Input data:
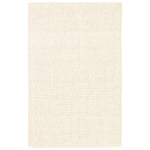 Featuring Naturals Tobago Calm Rug by Jaipur Living at Amethyst Home. A fresh alternative to a solid rug, our Natural Tobago rug is 100% jute and has quickly become a designer go-to for modern, understated texture. Simple and sturdy, the Calm design is the perfect base for interiors that depend on texture to do the talking.  In addition to its slim, low-profile. Amethyst Home provides interior design, new home construction design consulting, vintage area rugs, and lighting in the Miami metro area.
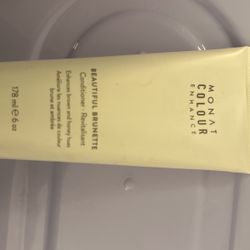 Monat  Conditioner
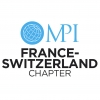 Logo MPI France Suisse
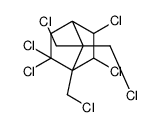 51775-36-1 structure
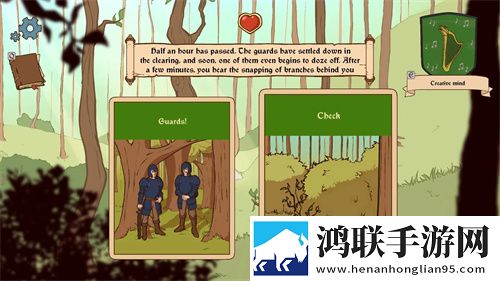 免费观看已满十八岁电视剧动漫在线观看单机版下载,免费观看已满十八岁电视剧动漫在线观看技能全解锁畅玩版下载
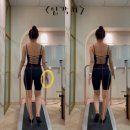 영상자격과정 | [CESK 강남] 교정운동 전문가 자격과정 교육 추천 후기 (주차, 사칭 확인 방법)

What the task asks:
The entries above are to be reproduced exactly, with the pictures dropped.

Response to this task:
 Featuring Naturals Tobago Calm Rug by Jaipur Living at Amethyst Home. A fresh alternative to a solid rug, our Natural Tobago rug is 100% jute and has quickly become a designer go-to for modern, understated texture. Simple and sturdy, the Calm design is the perfect base for interiors that depend on texture to do the talking.  In addition to its slim, low-profile. Amethyst Home provides interior design, new home construction design consulting, vintage area rugs, and lighting in the Miami metro area.
 Monat  Conditioner
 Logo MPI France Suisse
 51775-36-1 structure
 免费观看已满十八岁电视剧动漫在线观看单机版下载,免费观看已满十八岁电视剧动漫在线观看技能全解锁畅玩版下载
 영상자격과정 | [CESK 강남] 교정운동 전문가 자격과정 교육 추천 후기 (주차, 사칭 확인 방법)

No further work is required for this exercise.